*EXERCISE AIM:* Return each line below exactly as it reads, and omit any image in it.

*DATA EXCERPT:*
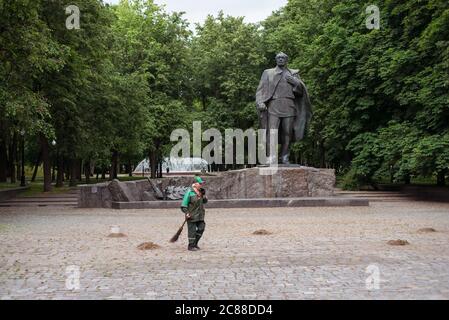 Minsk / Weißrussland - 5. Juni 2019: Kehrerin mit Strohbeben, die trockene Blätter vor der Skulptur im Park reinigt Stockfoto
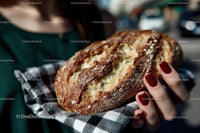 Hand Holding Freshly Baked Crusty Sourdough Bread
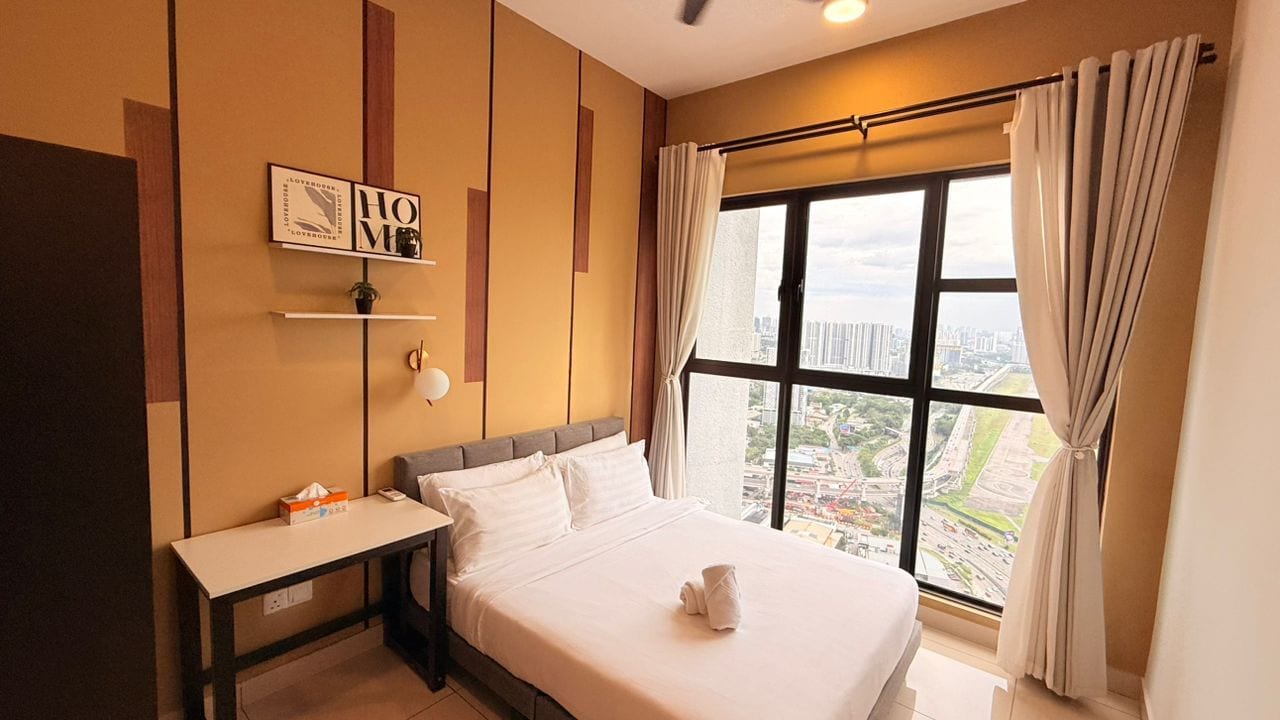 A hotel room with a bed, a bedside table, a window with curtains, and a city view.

*RESULT:*
 Minsk / Weißrussland - 5. Juni 2019: Kehrerin mit Strohbeben, die trockene Blätter vor der Skulptur im Park reinigt Stockfoto
 Hand Holding Freshly Baked Crusty Sourdough Bread
 A hotel room with a bed, a bedside table, a window with curtains, and a city view.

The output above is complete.